#### [Provided material]

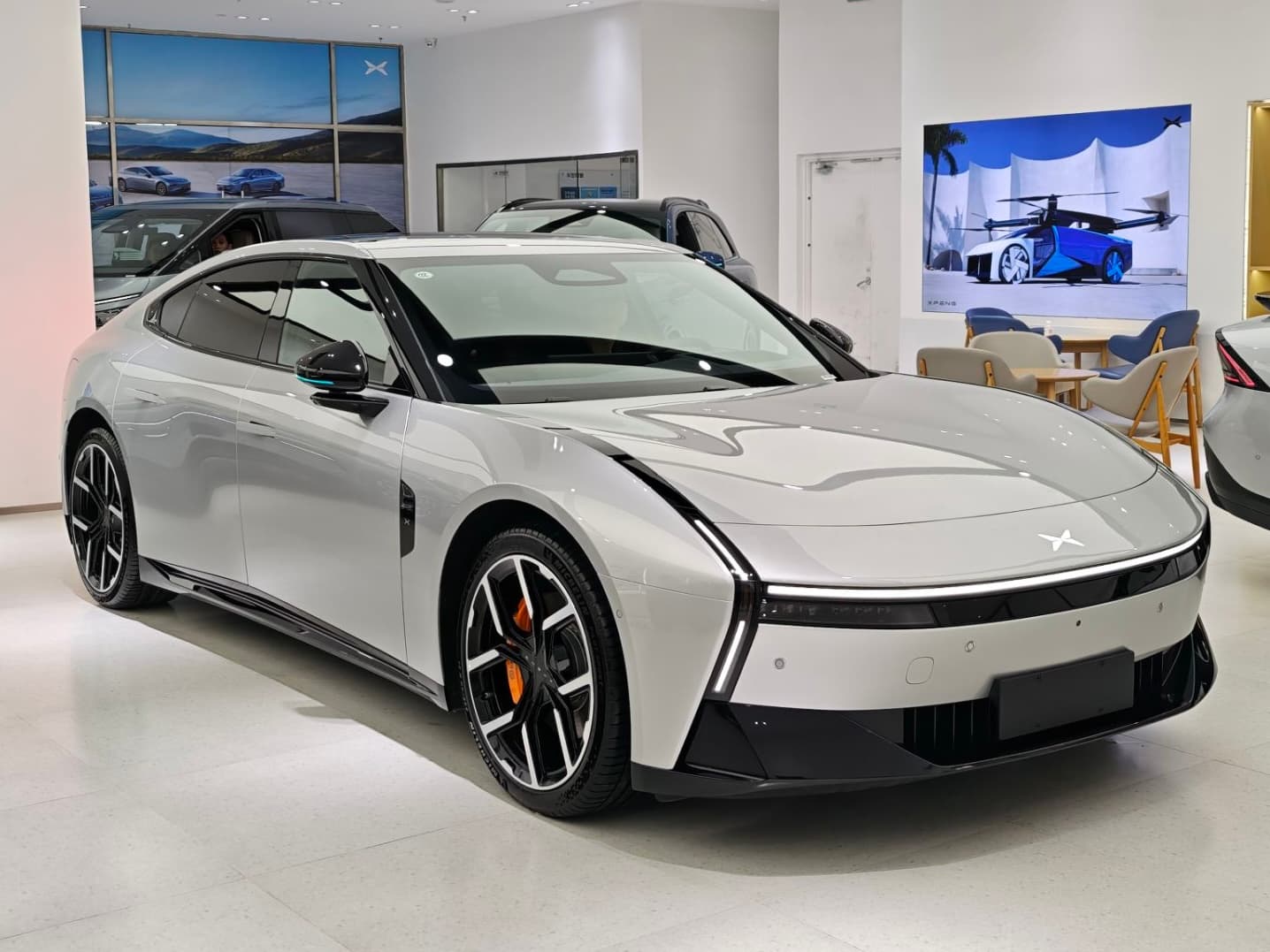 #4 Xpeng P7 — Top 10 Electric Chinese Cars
---
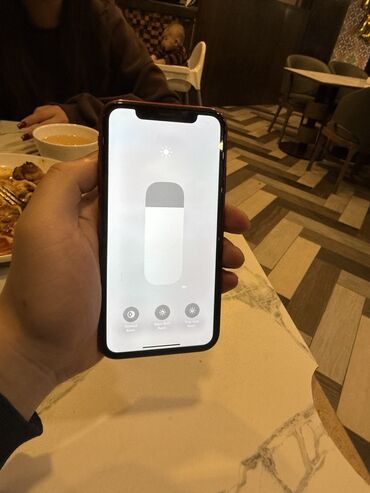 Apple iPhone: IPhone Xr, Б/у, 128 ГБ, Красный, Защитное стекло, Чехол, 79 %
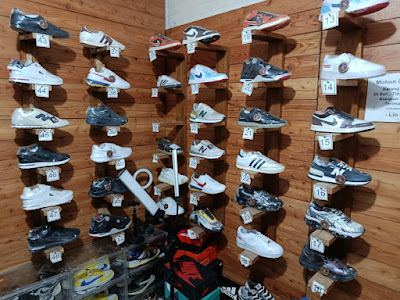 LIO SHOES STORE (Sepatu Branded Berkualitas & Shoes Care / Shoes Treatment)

#### [Your instructions]
Everything above from the line containing "Apple iPhone: IPhone" down to the line containing "LIO SHOES STORE" is to be duplicated exactly, both lines included, and the pictures are to be omitted.

#### [Task solution]
 Apple iPhone: IPhone Xr, Б/у, 128 ГБ, Красный, Защитное стекло, Чехол, 79 %
 LIO SHOES STORE (Sepatu Branded Berkualitas & Shoes Care / Shoes Treatment)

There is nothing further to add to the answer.